Puis, vieillotte aguerrie, j’entame mon dernier quart de siècle. À la retraite et bien au chaud, voilà qu’une pandémie mondiale nous enferme dans nos chaumières.
Acceptant mon sort, un véritable miracle se produit. Tel un ange se matérialisant devant moi, l’ÉCRITURE s’empare de moi. Plus fougueuse et exaltante que jamais, elle devient ma raison de vivre, mon passe-temps favori et la nourriture de mon contentement.

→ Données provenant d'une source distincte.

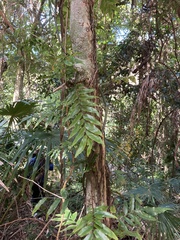 Arthropteris tenella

C’est donc avec cette volonté de demeurer tout près de vous, très chers clients, que j’ai commencé à vous écrire chaque semaine une belle lettre parlant de tout et de rien; du passé, du présent et d’un avenir fantastique qui nous attend. Bien souvent, je constate que des miracles de souvenance arrivent dans ma tête et me font vous raconter toutes ces histoires des déjeuners de chez CORA, de l’ouverture des restos, et de tout ce que je pensais avoir oublié.

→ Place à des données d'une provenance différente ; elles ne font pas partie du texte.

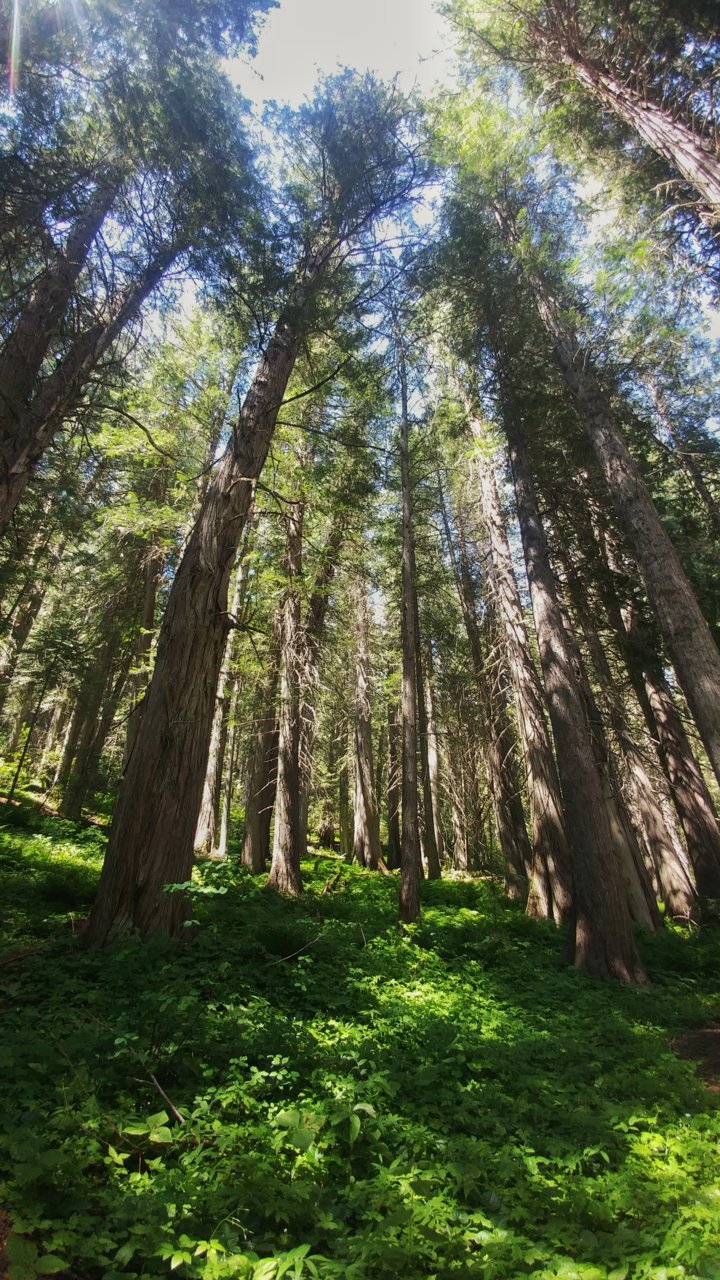 0702221449-01.jpg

ÉCRIRE c’est magique; ça ne s’explique pas! ÉCRIRE c’est comme ouvrir des fenêtres imaginaires, dessiner des ponts vers demain, arroser des fleurs célestes et accueillir des cigognes venant de nulle part. Ça ne s’explique pas. Ça ne s’enferme pas.
ÉCRIRE c’est un trésor à la portée de tous. Ainsi, plusieurs écrivent pour désherber leur jardin avant de quitter leur vie ici-bas. D’autres veulent laisser une trace de leur passage. Moi j’espère être capable de vous laisser des lignes blanches vers demain; de grandes pages blanches où vous pourrez vous déposer de votre vivant. Je vous souhaite des trous dans le ciel par où vous pourrez vous immiscer dans la magie du monde.
Je vous souhaite de découvrir en vous cette « folle du logis » que l’on nomme IMAGINATION.
Je vous souhaite également de rencontrer la princesse INSPIRATION, celle-là même qui arrive à magnifier tous vos rêves.
Et puisse l’an 2022 ramener à tous ❤️la sérénité, ❤️l’espérance et notre chère ❤️ liberté de jadis.